Traumatic brain injuries are caused by excessive force to the head, which can lead to problems with brain function, possibly presenting significant health challenges. Assault, including impacts to the head, strangulation, and choking, is among the leading causes of TBI. These actions can cause temporary to lifelong damage to the brain, resulting in behavioral and cognitive symptoms, altered perceptions, and/or negatively impacting physical symptoms. Some common symptoms caused by TBI are concussions, memory loss, balance problems, irritability, inability to focus or pay attention, and chronic headaches. The impact of TBI can be debilitating, interfering with daily function and disrupting the dynamics of relationships.

 

According to the U.S. Centers for Disease Control and Prevention (CDC), over 214,000 TBI-related hospitalizations were reported in 2020. The following year, over 69,000 TBI-related deaths occurred. Certain demographic groups are disproportionately affected by TBI, including American Indian/Alaska Native (AI/AN) children and adults, those living in rural areas, survivors of intimate partner violence, and people experiencing homelessness. According to the CDC, AI/AN populations have higher rates of hospitalization and deaths due to traumatic brain injuries than other racial or ethnic groups.

 

Limited supportive services and medical responses in Indian Country exacerbate the detrimental effects of having a traumatic brain injury. Diagnosis and treatment of TBI depend highly on the coordination of various neurological tests, known as “neuro-checks” (a series of questions and tasks conducted by medical professionals), and a medical history shared with providers. Often, these neuro-checks are conducted by different medical providers, adding to an already complicated diagnosis and treatment process. The Indian Health Service (IHS) faces shortages of medical providers in Indian Country, which limit access to care for people with TBI.

 

In May and July of 2025, NIWRC conducted CWCs on traumatic brain injury among Native survivors of domestic violence (DV), one virtual and one in-person. Seventeen participants from diverse backgrounds and regions were included in the conversations. There were advocates, family members, community members, and those with lived experience who shared their perspectives and experiences. The causes of TBI mentioned included DV, car accidents, strangulation, childhood trauma, experience within the armed forces, and accidental falls. Most participants had direct experience with individuals who have a TBI who live on or utilize services in Tribal service areas. The following questions helped guide the discussions:

  • How does having TBI affect your relationships with others? 
  • In what way does living with TBI affect your daily life?
  • What was the diagnosis process like?
  • Have you received treatment for TBI? If not, why?
  • Have any supportive services directly addressed your TBI-related concerns beyond medical treatment?
  • Are there local supportive services specific to victims of TBI in your community? 
  • Do you think there are particular challenges to having a TBI as a Native person?
  • What types of support would most benefit you in your community?
  • What do you wish your community would understand about TBI?

 

Specific themes emerged from these discussions, providing insight into the support needed, gaps in resources, and shared understanding of resiliency.

Summary of findings

Participants mentioned the difficulty in navigating everyday life due to symptoms of TBIs such as memory loss, difficulty concentrating, and emotional dysregulation. The personality shift that may come with TBI can also negatively impact their relationships and interactions with others. One participant stated that her friend with a TBI changed drastically and often said, “I can’t find joy anymore.” There was also an emphasis on the difficulty in relating to others in a way that felt truly connected and comfortable. One participant whose child has a TBI discussed how the lack of socialization contributed to poor mental health, and stated, “When we get past the clinical stuff, people want to feel normal and have a normal life…Because it is invisible, people don’t believe it exists.” Difficulty in communication is often a barrier to connection and feeling heard. A participant and survivor of DV, shared, “I may struggle to find the right words, follow conversations, or keep up with fast-changing topics…I feel embarrassed.”

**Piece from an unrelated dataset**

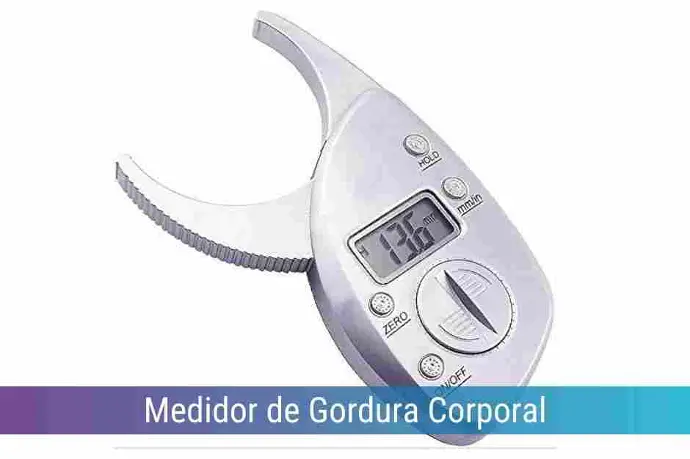 Locação de Medidor de Gordura Corporal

Because traumatic brain injuries are usually unseen, the stress of having to account for the symptoms that do appear, such as memory loss, fatigue, and dizziness, is an added pressure to those who suffer from it. Internalized shame from an invisible disability like TBI contributes to feelings of isolation. One participant stated, “Emotionally, I feel disconnected, sometimes like I'm watching life from behind a glass.” Another participant described their child as feeling isolated due to their restriction from driving and lack of dating experience. The feeling of shame is compounded by the fear of sharing with their communities, thus contributing to isolation. One participant commented on the judgment passed by family and community, saying, “There’s the fear of the label, and so you don’t accept the label.” Reasons for isolation vary from inability to physically be in the community to feeling emotionally overwhelmed in crowds. The consensus among participants is that a sense of disconnection from others was detrimental to individuals' overall well-being and healing.

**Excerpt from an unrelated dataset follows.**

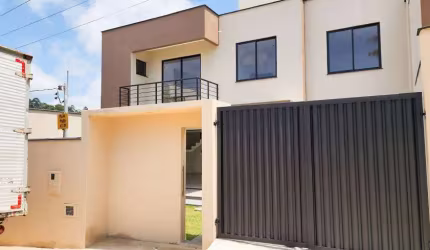 Casa para venda tem 145 metros quadrados com 3 quartos em Marilândia - Juiz de Fora - MG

Participants who are either advocates or caregivers commented on the significant time and effort invested in assisting individuals with TBIs with daily tasks, such as helping them be organized with bills, reminding them to take medication, and writing down verbatim information to relay to medical professionals. An advocate-participant mentioned discovering their client had a TBI and needed help paying bills, not due to a lack of finances, but because of the overwhelming nature of such tasks. Participants noted that this reliance on others creates a sense of embarrassment and frustration for individuals with traumatic brain injury, which can either lead to the desire to hide their TBI diagnosis or refuse to acknowledge the presence of a TBI.

Participants noted the stigma that accompanies a TBI, with many experiencing being judged or dismissed by medical professionals, strangers, family members, and law enforcement. A comment often shared by the group was that being AI/AN was seen as a marker for certain stereotypes that overpowered the reality of a situation, summed up in the statement, “People are more reluctant to believe Natives.” Misconceptions that AI/AN individuals are “drunks” and undeserving of patient understanding or resources were commonly heard by participants. As one participant stated, “If you see someone staggering, the assumption is that you’re a drunk Native, but the person could be suffering from severe head trauma.”

Participants also noted that a similar stigma and judgment were extended to individuals experiencing homelessness, victims of DV, and those deemed to have erratic behaviors, which becomes a barrier to healing and treatment. People who experience homelessness are two to four times more likely to have a history of any type of TBI than the general population, and 90 percent of homeless women have experienced severe physical or sexual violence at some point in their lives. As several participants noted, AI/AN individuals experiencing homelessness are often considered too untrustworthy to be believed, and are brushed off as either alcoholics, violent, or unfriendly.

Victim-survivors of DV who have TBIs state that the shame felt for having a TBI is like the shame felt from physical and emotional abuse. One participant, a survivor of DV, detailed the experience of trying to be believed, “no one had really connected my symptoms to the abuse, even though I’d been hit in the head multiple times. It was hard not to feel believed or taken seriously.” This internalized shame stemming from judgment and a lack of understanding can contribute to an aversion to seeking help. To protect themselves from such stigma(s), many individuals go without a diagnosis for years, which can contribute to risks of misdiagnosis and, therefore, not obtaining the appropriate treatment for their TBI.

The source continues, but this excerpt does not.